Association of vaccination status and immunosuppression with mortality of SARS-CoV-2 infection in patients with fibrotic interstitial lung disease

Kathryn Donohoe  1 Kerri A Johannson  2   3 Helene Manganas  4 Veronica Marcoux  5 Christopher J Ryerson  6
Affiliations

Association of vaccination status and immunosuppression with mortality of SARS-CoV-2 infection in patients with fibrotic interstitial lung disease

Kathryn Donohoe et al. BMJ Open Respir Res. .

Abstract

Background: There are limited data exploring the outcome following SARS-CoV-2 infection in fibrotic interstitial lung disease (fILD). Our goal was to determine the association of vaccination for SARS-CoV-2 with both SARS-CoV-2 infection and subsequent 90-day mortality in fILD. Our second objective was to determine the association of immunosuppressive use with both SARS-CoV-2 infection and subsequent 90-day mortality in fILD.

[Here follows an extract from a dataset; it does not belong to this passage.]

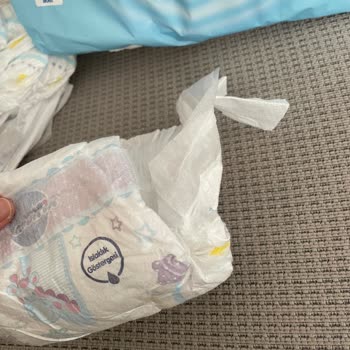 Molfix Bebek Bezlerinde Hayal Kırıklığı: Eksik Bantlar Ve Kullanılamayan Bezler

Methods: Patients with fILD enrolled in the Canadian Registry for Pulmonary Fibrosis with comprehensive access to data on SARS-CoV-2 vaccination and PCR-confirmed infection were included. Associations of vaccination status and current immunosuppressant use with SARS-CoV-2 infection and subsequent 90-day mortality were tested using Fisher's exact test and subsequently multivariable logistic regression adjusting for age, sex, pre-identified comorbidities, forced vital capacity and diffusing capacity of the lung for carbon monoxide.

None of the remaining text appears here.